Could the pursuit of happiness be considered the purpose of all life? Is it not what all life strives for?
Accepted:
October 19, 2005

Comments

Nicholas D. Smith
October 21, 2005 (changed October 21, 2005) Permalink

It really depends upon what you mean by "happiness." If you mean the somewhat fleeting and temporary experience (like the "happy" in "happy hour"), I think a life aimed at happiness would turn out to be fairly meaningless and empty. But if by "happiness" you mean something like "flourishing as a human being" or "having a complete and full life" or something like this, then it does seem like a reasonable overall aim in life.

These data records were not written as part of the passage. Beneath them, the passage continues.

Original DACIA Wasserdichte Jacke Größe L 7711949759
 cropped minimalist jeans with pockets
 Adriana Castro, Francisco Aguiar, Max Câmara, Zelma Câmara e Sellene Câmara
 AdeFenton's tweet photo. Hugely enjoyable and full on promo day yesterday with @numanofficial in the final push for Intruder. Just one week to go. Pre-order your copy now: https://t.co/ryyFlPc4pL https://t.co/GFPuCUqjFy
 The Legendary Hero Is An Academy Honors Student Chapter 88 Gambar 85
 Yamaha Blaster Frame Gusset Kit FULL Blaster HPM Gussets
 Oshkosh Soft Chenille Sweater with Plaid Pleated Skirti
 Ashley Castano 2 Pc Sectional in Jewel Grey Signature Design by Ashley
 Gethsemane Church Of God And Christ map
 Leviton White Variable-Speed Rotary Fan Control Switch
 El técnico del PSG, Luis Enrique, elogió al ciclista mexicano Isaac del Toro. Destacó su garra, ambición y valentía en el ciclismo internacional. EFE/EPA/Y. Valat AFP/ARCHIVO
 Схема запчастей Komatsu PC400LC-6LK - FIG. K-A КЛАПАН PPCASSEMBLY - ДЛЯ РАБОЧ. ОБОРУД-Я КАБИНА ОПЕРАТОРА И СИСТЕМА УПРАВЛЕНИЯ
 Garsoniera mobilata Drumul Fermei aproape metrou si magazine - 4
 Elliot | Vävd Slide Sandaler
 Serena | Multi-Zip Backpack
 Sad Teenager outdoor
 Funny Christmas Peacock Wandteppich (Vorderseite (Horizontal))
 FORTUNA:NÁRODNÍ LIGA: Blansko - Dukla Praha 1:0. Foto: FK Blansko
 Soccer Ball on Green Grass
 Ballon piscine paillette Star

Philosophers who think that this aim can be one's guiding aim in life (and the aim from which all value in a human life flows) are called "eudaimonists," from the ancient Greek word, eudaimonia. Most ancient Greek philosophers thought that eudaimonia (which is generally translated as "happiness") was and should be the guiding principle and the ultimate aim of human life. If you would like to see a fine example of how a serious ethical work takes this position, I would enthusiastically recommend Aristotle's Nicomachean Ethics, especially when he lays out his eudaimonistic foundations in Book I.

Of course, other philosophers have also taken happiness seriously as an end of life and action. A very different approach that also continues to have wide influence in ethics, which also takes happiness as a foundational value, may be found in John Stuart Mill's Utilitarianism.